Saat sekarang ini, kebutuhan akan energi dan pangan untuk negara
Indonesia masih sangat bergantung dengan energi fosil. Energi fosil ini
merupakan anurgrah dari Tuhan Yang Maha Esa yang sangat luar biasa
karena mempunyai kandungan energi yang paling tinggi dengan jumlah yang
sangat banyak, sayangnya jumlah yang sangat banyak tersebut tentunya ada
batasnya. Energi fosil ini di alam dapat berbentuk minyak bumi, gas
alam, dan batu bara. Distribusi konsumsi energi fosil ini dipegang oleh
sektor industri sebesar 49,4%, sektor transportasi sebesar 34%, dan
16,6% lagi dipegang oleh rumah tangga dan bangunan komersial (Badan
Pusat Statistik, 2011). Besarnya konsumsi energi fosil oleh sektor
industri dan tranportasi ini karena keunggulan dari energi fosil sendiri
yaitu sebagian besar produknya dalam bentuk bahan bakar cair.
Sebagaimana kita ketahui bersama, bahan bakar cair sangat mudah
disimpan, dan mudah ditransportasikan. Oleh karena itu energi yang
berasal dari fosil merupakan primadona yang mampu mendorong pertumbuhan
ekonomi negara Indonesia. Dengan pertumbuhan ekonomi yang begitu pesat
membuat kita bangsa Indonesia merasa sangat dinyamankan dengan adanya
energi dari fosil ini. Padahal tuhan hanya menyediakan energi fosil
dalam jumlah yang terbatas yang berasal dari fosil jutaan tahun yang
lalu. Karena kenyamanan yang diberikan energi fosil ini membuat sifat
manusia yang hanya ingin menguras habis sumber energi ini tanpa
memperhatikan bagaimana nasib generasi manusia berikutnya. Jadi apakah
kita tidak menyadari kita hidup sekarang memberikan musibah bagi
generasi berikutnya?.
Seperti yang sudah kita rasakan
sekarang ini, kenyamanan yang diberikan oleh pemakaian energi fosil ini
sudah tidak tergantikan lagi. Para ilmuwan di Indonesia telah
memprediksi bahwa cadangan gas alam dan minyak bumi Indonesia hanya
cukup untuk mensuplai kebutuhan energi selama 40-50 tahun lagi. Jadi
bagaimana nasib bangsa kita, nasib anak-cucu kita 40-50 tahun lagi?

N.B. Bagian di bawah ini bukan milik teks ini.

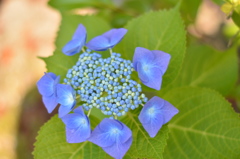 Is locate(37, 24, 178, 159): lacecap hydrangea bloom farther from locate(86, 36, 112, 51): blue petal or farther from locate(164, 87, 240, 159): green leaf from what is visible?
locate(164, 87, 240, 159): green leaf

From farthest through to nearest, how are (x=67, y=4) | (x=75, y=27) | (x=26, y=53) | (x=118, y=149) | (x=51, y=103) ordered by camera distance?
(x=26, y=53), (x=67, y=4), (x=75, y=27), (x=51, y=103), (x=118, y=149)

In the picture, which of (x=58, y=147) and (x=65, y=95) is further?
(x=58, y=147)

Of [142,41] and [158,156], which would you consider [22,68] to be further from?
[158,156]

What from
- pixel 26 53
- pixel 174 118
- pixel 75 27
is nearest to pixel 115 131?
pixel 174 118

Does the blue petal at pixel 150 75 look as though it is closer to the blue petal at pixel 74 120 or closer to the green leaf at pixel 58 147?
the blue petal at pixel 74 120

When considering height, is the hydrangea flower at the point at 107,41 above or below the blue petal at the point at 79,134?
above

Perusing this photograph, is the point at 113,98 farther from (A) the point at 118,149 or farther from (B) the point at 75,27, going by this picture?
(B) the point at 75,27

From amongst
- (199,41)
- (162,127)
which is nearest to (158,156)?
(162,127)

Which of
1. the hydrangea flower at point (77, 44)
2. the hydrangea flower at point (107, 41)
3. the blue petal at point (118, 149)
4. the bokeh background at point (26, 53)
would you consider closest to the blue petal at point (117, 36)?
the hydrangea flower at point (107, 41) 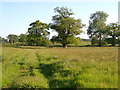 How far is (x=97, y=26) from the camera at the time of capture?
58594 mm

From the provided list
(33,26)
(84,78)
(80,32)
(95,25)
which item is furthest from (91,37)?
(84,78)

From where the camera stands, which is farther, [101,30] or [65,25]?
[101,30]

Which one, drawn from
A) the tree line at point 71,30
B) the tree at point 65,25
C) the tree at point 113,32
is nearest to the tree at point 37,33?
the tree line at point 71,30

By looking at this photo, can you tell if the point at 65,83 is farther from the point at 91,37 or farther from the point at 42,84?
the point at 91,37

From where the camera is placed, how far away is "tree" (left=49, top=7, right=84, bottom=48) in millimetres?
45906

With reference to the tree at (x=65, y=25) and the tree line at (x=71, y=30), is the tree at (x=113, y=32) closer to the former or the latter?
the tree line at (x=71, y=30)

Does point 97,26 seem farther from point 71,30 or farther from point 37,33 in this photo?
point 37,33

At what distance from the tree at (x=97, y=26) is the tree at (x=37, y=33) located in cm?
1767

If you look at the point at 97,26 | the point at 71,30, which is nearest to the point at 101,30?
the point at 97,26

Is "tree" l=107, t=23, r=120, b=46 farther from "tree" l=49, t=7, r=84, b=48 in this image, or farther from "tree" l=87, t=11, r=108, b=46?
"tree" l=49, t=7, r=84, b=48

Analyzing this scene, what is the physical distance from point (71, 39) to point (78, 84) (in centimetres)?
3967

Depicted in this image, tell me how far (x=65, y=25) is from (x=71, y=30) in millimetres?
2464

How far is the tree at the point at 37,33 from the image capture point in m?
61.0

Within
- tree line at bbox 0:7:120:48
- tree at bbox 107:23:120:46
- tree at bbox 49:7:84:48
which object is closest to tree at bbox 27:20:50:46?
tree line at bbox 0:7:120:48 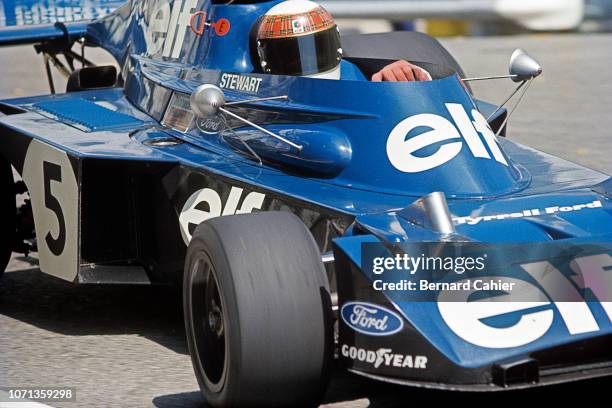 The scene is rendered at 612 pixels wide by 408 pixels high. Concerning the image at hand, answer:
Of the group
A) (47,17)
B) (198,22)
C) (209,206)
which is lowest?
(47,17)

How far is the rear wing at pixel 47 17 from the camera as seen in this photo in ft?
25.8

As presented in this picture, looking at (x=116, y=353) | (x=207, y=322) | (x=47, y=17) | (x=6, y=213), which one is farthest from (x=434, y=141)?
(x=47, y=17)

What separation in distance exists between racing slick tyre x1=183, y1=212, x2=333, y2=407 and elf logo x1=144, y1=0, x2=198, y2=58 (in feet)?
7.80

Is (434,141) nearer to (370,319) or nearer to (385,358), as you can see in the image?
(370,319)

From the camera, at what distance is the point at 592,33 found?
57.9 ft

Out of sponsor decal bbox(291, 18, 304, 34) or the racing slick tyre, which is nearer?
the racing slick tyre

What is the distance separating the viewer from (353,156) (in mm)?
5172

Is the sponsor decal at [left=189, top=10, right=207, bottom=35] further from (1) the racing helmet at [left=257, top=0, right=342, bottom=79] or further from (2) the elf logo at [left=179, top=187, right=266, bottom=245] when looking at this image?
(2) the elf logo at [left=179, top=187, right=266, bottom=245]

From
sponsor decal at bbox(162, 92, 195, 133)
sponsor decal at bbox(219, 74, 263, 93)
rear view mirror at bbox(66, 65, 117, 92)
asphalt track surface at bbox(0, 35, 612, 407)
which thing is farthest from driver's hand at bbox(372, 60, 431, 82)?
rear view mirror at bbox(66, 65, 117, 92)

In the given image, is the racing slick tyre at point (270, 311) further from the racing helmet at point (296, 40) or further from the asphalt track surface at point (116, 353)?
the racing helmet at point (296, 40)

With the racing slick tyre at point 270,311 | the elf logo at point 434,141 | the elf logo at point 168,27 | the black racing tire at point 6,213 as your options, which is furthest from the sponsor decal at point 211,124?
the racing slick tyre at point 270,311

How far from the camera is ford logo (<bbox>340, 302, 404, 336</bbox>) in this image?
13.7 feet

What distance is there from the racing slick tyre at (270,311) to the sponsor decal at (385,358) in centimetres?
9

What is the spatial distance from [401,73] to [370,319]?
1.89 metres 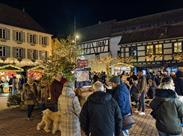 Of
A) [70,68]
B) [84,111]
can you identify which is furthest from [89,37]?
[84,111]

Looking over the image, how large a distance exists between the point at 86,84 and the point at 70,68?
2.71 metres

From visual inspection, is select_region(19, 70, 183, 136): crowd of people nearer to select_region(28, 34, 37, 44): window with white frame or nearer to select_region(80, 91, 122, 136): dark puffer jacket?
select_region(80, 91, 122, 136): dark puffer jacket

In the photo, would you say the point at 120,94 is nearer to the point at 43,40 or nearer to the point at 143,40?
the point at 143,40

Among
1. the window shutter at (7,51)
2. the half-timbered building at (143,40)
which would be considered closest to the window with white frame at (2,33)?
the window shutter at (7,51)

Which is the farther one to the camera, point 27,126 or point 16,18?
point 16,18

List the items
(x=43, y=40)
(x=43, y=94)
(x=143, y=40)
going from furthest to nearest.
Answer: (x=43, y=40) → (x=143, y=40) → (x=43, y=94)

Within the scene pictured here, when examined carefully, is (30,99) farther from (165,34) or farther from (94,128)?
(165,34)

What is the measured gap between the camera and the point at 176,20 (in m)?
42.8

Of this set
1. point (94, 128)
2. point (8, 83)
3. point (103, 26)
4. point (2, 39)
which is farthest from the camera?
point (103, 26)

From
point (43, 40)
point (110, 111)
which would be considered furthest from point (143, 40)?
point (110, 111)

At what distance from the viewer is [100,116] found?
4871 millimetres

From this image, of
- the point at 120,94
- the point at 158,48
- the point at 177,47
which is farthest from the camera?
the point at 158,48

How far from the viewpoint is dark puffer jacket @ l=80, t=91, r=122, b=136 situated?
4879mm

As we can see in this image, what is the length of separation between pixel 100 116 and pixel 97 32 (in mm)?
49101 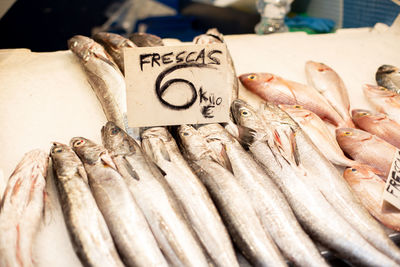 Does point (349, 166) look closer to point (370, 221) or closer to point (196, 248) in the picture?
point (370, 221)

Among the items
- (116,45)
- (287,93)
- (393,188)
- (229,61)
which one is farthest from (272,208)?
(116,45)

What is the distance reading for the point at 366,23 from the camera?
13.3 feet

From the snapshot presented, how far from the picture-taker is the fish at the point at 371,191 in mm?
1292

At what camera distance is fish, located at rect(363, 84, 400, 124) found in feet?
6.25

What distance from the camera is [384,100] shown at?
196cm

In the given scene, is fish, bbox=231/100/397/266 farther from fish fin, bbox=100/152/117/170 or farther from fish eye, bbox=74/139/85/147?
fish eye, bbox=74/139/85/147

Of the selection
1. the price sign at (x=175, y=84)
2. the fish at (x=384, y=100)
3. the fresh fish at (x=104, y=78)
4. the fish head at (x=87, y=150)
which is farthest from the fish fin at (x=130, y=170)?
the fish at (x=384, y=100)

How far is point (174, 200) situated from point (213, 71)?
0.61 m

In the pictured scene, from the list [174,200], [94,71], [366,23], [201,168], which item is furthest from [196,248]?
[366,23]

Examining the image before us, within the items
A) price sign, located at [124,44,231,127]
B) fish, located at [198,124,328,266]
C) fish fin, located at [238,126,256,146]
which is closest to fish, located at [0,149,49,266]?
price sign, located at [124,44,231,127]

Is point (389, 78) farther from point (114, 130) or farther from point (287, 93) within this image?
point (114, 130)

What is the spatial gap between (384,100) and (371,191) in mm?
822

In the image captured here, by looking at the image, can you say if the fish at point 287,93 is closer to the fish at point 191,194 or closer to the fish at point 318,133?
the fish at point 318,133

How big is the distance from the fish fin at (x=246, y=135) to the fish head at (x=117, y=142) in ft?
1.55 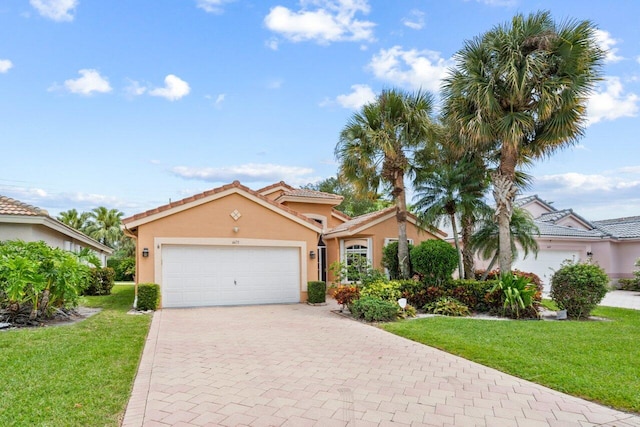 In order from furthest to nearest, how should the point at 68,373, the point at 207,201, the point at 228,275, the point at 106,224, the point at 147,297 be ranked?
1. the point at 106,224
2. the point at 228,275
3. the point at 207,201
4. the point at 147,297
5. the point at 68,373

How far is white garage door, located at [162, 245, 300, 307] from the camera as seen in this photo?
14789mm

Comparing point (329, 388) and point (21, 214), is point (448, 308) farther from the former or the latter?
point (21, 214)

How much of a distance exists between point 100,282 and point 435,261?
55.5 ft

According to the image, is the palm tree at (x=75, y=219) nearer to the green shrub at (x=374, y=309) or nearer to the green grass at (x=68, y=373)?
the green grass at (x=68, y=373)

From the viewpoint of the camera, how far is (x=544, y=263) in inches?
944

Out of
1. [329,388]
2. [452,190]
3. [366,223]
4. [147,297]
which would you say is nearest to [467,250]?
[452,190]

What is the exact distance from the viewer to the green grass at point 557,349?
5.83 metres

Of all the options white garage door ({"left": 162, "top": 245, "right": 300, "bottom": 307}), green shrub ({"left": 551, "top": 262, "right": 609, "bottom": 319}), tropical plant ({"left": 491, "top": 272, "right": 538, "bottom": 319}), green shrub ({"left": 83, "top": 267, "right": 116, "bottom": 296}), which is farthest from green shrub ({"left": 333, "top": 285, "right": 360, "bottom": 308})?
green shrub ({"left": 83, "top": 267, "right": 116, "bottom": 296})

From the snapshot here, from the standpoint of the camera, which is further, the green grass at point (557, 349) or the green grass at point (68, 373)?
the green grass at point (557, 349)

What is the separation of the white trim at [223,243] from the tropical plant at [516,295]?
7.29m

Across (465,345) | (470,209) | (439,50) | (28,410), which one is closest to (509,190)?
(470,209)

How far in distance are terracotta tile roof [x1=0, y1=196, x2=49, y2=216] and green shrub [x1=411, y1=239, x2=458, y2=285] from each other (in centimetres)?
1320

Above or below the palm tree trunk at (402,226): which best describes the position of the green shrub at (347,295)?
below

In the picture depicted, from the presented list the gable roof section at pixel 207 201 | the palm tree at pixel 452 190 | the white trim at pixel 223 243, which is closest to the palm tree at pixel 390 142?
the palm tree at pixel 452 190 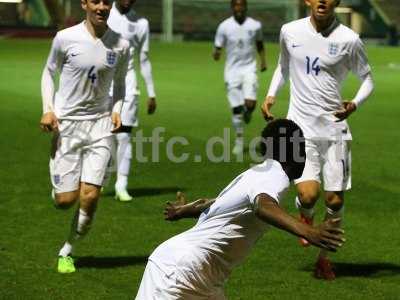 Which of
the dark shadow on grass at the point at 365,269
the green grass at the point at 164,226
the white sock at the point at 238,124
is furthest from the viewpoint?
the white sock at the point at 238,124

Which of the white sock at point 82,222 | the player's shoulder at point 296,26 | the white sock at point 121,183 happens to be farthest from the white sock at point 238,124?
the white sock at point 82,222

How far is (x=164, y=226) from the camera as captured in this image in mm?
12711

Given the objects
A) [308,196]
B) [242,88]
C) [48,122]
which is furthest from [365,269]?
[242,88]

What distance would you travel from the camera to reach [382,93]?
3297 cm

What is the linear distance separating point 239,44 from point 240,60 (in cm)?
34

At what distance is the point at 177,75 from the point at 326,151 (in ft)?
87.3

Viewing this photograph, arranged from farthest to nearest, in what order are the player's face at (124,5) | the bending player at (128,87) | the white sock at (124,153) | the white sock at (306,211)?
1. the player's face at (124,5)
2. the white sock at (124,153)
3. the bending player at (128,87)
4. the white sock at (306,211)

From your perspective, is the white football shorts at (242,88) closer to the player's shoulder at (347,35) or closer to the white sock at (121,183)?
the white sock at (121,183)

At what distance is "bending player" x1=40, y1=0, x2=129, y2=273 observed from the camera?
10.3m

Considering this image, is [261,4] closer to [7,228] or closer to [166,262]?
[7,228]

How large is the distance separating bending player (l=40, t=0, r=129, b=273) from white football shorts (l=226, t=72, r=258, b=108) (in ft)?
32.0

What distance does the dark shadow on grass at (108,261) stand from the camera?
10648mm

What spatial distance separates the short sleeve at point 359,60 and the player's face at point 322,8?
0.40m

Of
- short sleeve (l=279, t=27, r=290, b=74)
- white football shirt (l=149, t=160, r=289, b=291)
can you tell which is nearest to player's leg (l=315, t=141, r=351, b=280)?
short sleeve (l=279, t=27, r=290, b=74) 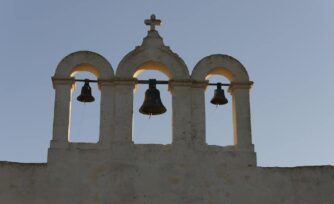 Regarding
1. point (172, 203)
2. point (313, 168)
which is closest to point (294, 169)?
point (313, 168)

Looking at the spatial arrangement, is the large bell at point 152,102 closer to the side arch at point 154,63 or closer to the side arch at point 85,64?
the side arch at point 154,63

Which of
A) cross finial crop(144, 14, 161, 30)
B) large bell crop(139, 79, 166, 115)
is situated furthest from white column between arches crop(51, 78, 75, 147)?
cross finial crop(144, 14, 161, 30)

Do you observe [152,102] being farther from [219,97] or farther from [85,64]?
[85,64]

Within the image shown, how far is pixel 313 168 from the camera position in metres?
12.0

Apakah anda dapat membayangkannya?. Kenyamanan yang kita dapatkan
sekarang telah merampok kenyamanan generasi berikutnya. Namun masih
banyak orang masih berpikir minyak bumi dan gas alam masih sangat banyak
di perut bumi dan tidak akan ada habisnya. Tentu saja yang berpikiran
seperti itu mungkin orang-orang yang takut kenyamanannya hilang dan
masih saja melakukan ekploitasi besar-besar terhadap energi fosil.
Bagaimana
solusi untuk menghadapi krisis energi dan pangan yang akan terjadi
40-50 tahun mendatang?. Tentunya jawabannya adalah dengan memaksimalkan
penggunaan energi terbarukan. Energi terbarukan banyak macamnya seperti
panas bumi, surya, nuklir, angin, biomassa, biofuel, biogas, dan
lain-lain. Di Indonesia, berbagai macam energi terbarukan tersebut dapat
diterapkan. Indonesia mempunyai energi panas bumi yang jumlahnya cukup
besar. Namun sayangnya potensi panas bumi di Indonesia masih banyak
dikuasi oleh perusahaan asing. Penggunaan sel surya dan tenaga angin pun
masih sedikit. Hal yang paling ditakuti di Indonesia adalah penggunaan
energi nuklir. PLTN merupakan alternatif terakhir yang akan digunakan
oleh pemerintah, yang harus didahulukan adalah membangun energi
terbarukan (Dirjen EBTKE, 2011). Bisa kita lihat pembangunan energi
nuklir mendapat banyak halangan untuk diterapkan di indonesia.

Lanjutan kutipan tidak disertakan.